> [PROBLEM DETAILS]: The listing below holds pictures; exclude them. Return exactly the lines from the one with "F-CAW-F Screaming Rooster Print Men's T-shirt" through the one with "Plaque : la".

> [RECORD EXTRACTS]:
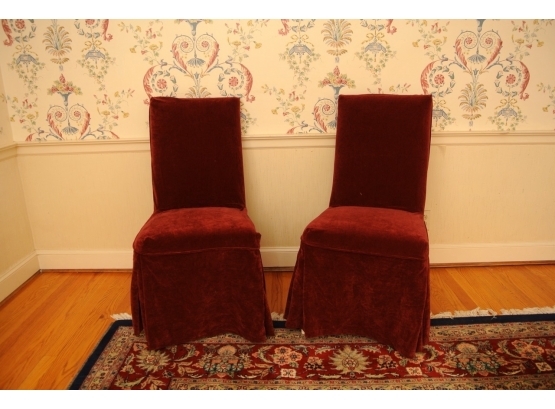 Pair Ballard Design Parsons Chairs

==

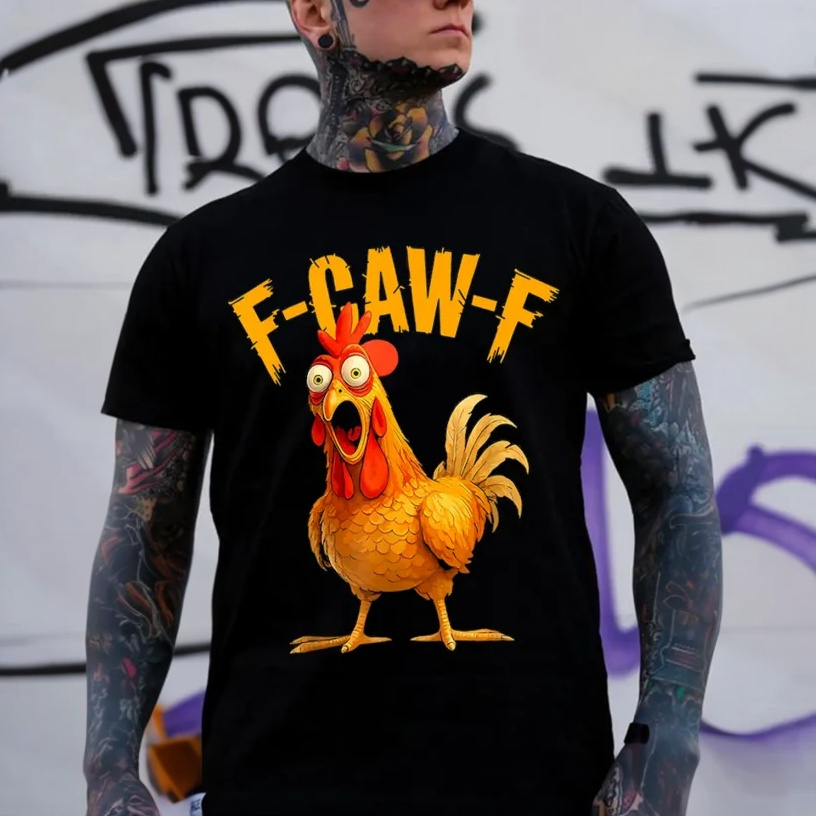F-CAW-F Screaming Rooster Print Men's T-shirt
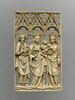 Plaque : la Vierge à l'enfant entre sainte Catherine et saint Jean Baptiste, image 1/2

==

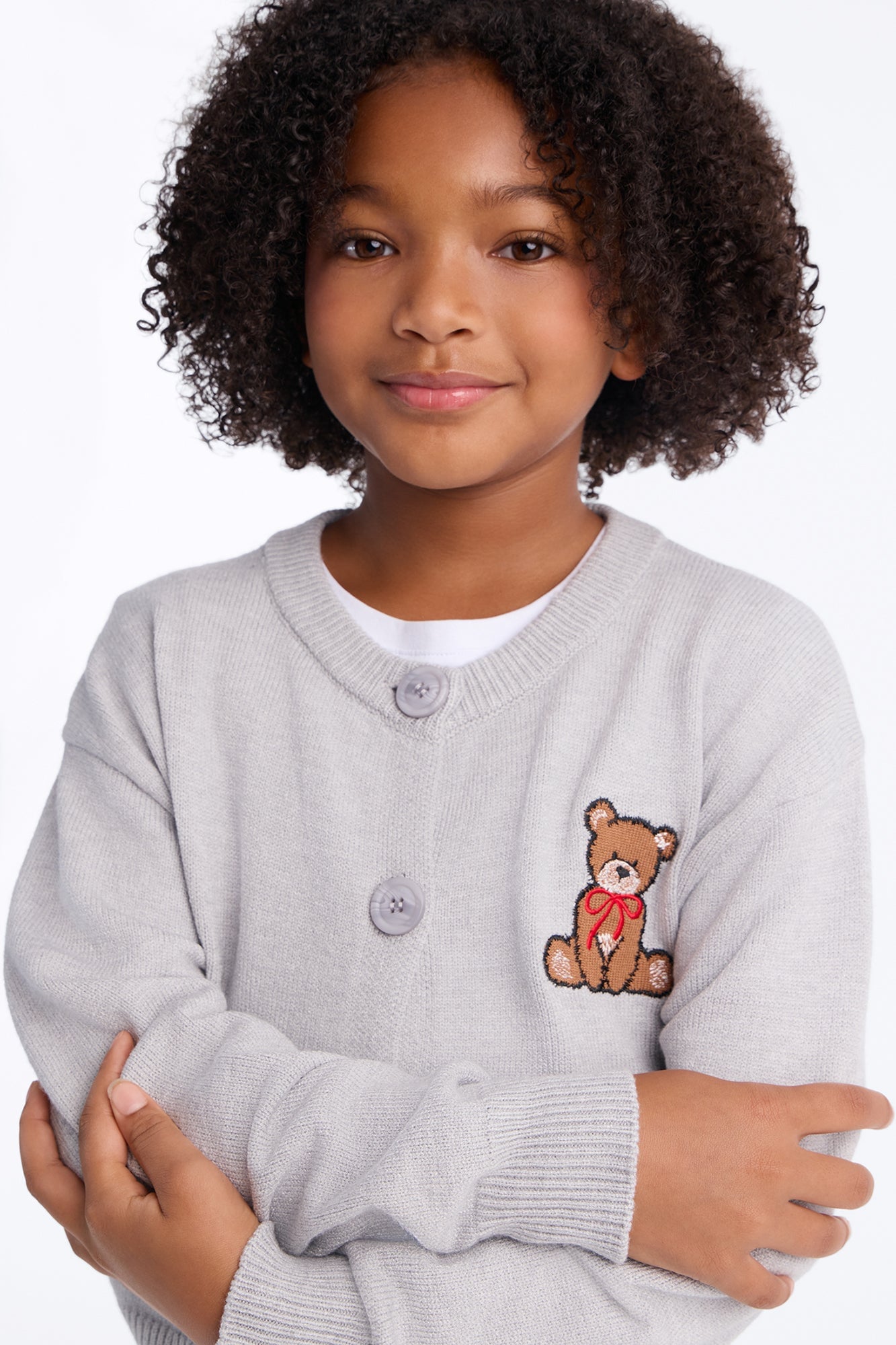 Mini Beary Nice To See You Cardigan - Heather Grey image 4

> [REPLY TO THE TASK]:
F-CAW-F Screaming Rooster Print Men's T-shirt
 Plaque : la Vierge à l'enfant entre sainte Catherine et saint Jean Baptiste, image 1/2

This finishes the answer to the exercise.